SUPPLIED RECORDS START
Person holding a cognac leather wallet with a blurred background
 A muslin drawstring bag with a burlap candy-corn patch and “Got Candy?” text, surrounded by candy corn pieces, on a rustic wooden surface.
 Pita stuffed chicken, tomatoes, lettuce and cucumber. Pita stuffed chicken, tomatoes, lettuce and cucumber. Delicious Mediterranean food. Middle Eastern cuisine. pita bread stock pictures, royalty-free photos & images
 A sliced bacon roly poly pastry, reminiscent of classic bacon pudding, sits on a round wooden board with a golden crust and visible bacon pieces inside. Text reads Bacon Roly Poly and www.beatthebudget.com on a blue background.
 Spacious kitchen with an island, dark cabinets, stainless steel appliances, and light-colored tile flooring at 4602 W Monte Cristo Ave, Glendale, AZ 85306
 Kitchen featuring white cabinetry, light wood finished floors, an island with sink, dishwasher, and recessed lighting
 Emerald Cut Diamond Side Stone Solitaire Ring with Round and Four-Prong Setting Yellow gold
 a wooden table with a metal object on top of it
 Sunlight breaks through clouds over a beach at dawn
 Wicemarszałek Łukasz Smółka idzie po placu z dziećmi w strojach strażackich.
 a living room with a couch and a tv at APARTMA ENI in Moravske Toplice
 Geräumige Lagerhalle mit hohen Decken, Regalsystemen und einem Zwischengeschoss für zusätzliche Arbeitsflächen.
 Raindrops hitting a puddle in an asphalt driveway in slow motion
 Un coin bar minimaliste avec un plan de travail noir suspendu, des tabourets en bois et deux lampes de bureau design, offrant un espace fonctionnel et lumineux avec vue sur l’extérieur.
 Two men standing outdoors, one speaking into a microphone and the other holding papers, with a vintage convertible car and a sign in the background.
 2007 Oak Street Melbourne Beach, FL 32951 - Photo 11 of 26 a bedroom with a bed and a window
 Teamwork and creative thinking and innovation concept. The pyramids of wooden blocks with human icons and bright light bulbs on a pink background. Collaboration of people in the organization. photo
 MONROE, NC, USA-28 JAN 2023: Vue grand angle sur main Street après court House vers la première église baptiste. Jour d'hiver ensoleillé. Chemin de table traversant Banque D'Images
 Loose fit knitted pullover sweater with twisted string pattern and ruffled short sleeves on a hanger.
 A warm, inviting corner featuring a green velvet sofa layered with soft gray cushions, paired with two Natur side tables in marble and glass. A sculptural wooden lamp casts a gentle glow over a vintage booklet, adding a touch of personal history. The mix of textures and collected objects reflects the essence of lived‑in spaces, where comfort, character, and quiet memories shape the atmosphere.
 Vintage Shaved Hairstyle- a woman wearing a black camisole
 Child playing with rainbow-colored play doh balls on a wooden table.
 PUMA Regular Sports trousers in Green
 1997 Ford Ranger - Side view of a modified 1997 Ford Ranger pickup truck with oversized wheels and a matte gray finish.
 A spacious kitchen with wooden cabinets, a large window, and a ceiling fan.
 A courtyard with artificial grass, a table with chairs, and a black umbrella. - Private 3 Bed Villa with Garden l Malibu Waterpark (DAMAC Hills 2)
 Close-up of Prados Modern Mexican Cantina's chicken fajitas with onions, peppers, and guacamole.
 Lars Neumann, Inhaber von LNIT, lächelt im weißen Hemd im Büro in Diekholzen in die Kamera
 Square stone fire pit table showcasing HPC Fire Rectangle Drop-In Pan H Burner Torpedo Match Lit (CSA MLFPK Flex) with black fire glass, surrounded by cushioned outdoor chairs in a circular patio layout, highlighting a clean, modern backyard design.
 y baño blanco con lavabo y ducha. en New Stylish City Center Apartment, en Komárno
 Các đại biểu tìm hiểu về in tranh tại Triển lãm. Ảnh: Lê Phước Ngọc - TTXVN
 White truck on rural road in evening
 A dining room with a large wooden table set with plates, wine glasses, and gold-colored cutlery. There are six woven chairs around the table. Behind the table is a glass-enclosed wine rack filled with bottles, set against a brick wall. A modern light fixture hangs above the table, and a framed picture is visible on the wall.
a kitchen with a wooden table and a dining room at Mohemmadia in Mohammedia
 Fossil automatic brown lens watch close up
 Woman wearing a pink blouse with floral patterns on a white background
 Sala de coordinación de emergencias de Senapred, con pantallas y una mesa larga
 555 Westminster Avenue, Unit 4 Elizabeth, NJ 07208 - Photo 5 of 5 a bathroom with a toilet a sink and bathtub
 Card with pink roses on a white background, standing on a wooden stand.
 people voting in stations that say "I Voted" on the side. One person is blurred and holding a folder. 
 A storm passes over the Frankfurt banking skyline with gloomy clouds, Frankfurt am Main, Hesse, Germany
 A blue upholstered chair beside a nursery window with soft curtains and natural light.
SUPPLIED RECORDS END
From the records above, repeat exactly the lines from the one with "Wicemarszałek Łukasz Smółka" through the one with "Raindrops hitting a", both included.

_WRITTEN ANSWER:_
 Wicemarszałek Łukasz Smółka idzie po placu z dziećmi w strojach strażackich.
 a living room with a couch and a tv at APARTMA ENI in Moravske Toplice
 Geräumige Lagerhalle mit hohen Decken, Regalsystemen und einem Zwischengeschoss für zusätzliche Arbeitsflächen.
 Raindrops hitting a puddle in an asphalt driveway in slow motion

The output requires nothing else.